Often confused words: Envy vs Jealous

4 Envy vs Jealousy

This is another highly confused and misused word pair. Envy is what you feel when you want something that someone else has but you don’t have. Jealousy, though, is used in an opposite context. Jealousy is what you feel when you are worried that someone will take what you have. So, while you can be envious of the world’s richest man, there’s no reason for you to be jealous of him (Unless, of course, he smiles at your girlfriend!).

Difference between Disinterested and Uninterested

5 Disinterested vs Uninterested

While both words seem to indicate a lack of interest, that’s not true. Disinterested means unbiased or not influenced by considerations of personal advantage. For example, bankers are expected to give you disinterested advice. Uninterested, on the other hand, means not interested in or bored by something. For example, Ayesha was uninterested in Economics.

Difference between Non-flammable and Inflammable

6 Non-flammable vs Inflammable

The prefix ‘in-‘ is quite often used in English to indicate ‘not’ or ‘the opposite of’ such as in insane and insipid. However, that’s not always the case as evidenced in this word pair. Non-flammable, as the name suggests, means not catching fire easily or fireproof. Inflammable, however, means the same as flammable i.e. easily set on fire! If you are ever confused between the two, just use the one which sounds most like not (non-flammable) if you want to convey that something is fireproof.

Difference between Redundant and Repetitive

8 Redundant vs Repetitive

These two words are again confused quite often and used interchangeably, especially in the corporate world. However, they have quite different meanings. Redundant indicates that something is not needed or is unnecessary or expendable. For example, in the phrase “free gift”, free is redundant since gifts are, by definition, free. Repetitive, however, means containing repetition or occurring repeatedly. In some cases, it is possible that repetitive things may be redundant as well if the repetition is unnecessary.

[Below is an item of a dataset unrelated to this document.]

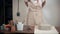 Woman is putting on an apron in her handicraft workshop, standing near table,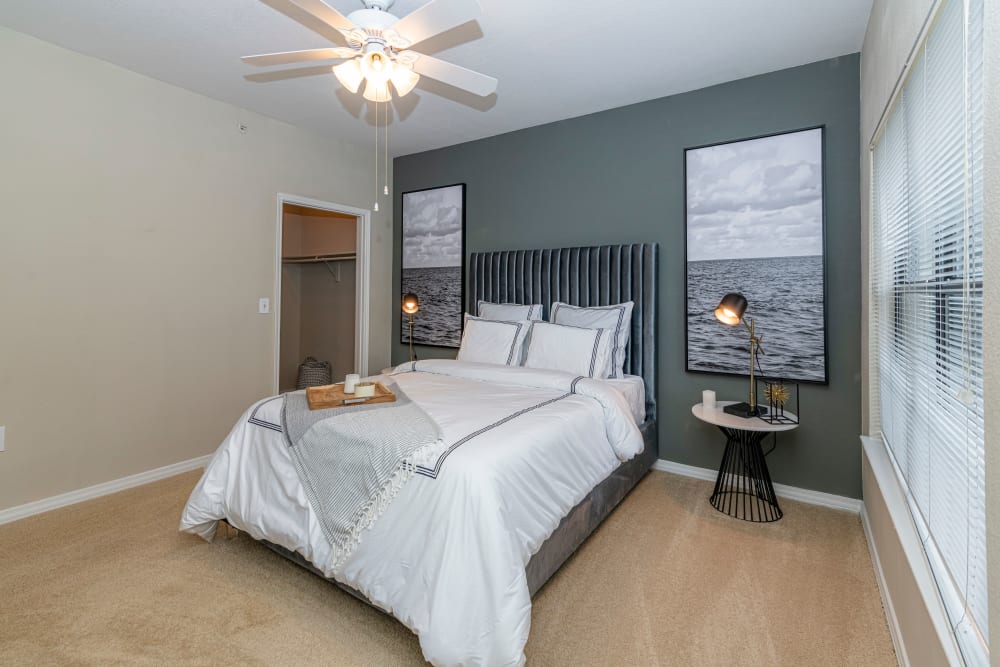 Well lit model bedroom at The Lyndon in Irving, Texas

Difference between Infer and Imply

9 Infer vs Imply

Infer means to deduce or draw conclusions based on evidence and reasoning. For example, inferences made from scientific lab experiments. Imply means to hint or suggest something indirectly rather than explicitly saying it- like implying that someone is wrong. To better understand the difference, consider these 2 sentences: [1] The President implied in his speech that he isn’t a racist. [2] I inferred from the President’s speech that he isn’t a racist (from a listener’s perspective).

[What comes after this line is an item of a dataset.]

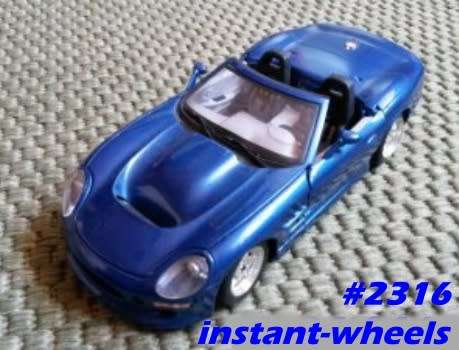 Shelby Series 1 1999 blue-met 1/24 Bburago NEW+reblistered  #2316 instant wheels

Difference between Amuse and Bemuse

10 Amuse vs Bemuse

Amuse means to find something funny or to entertain someone by a humorous action. For example, being amused by a stand-up comedian. Bemuse, however, means to be confused or puzzled. For example, being bemused by a crossword puzzle. The confusion in the 2 words is probably due to the root word ‘muse’, which, incidentally, means something completely different- to think or reflect deeply over something.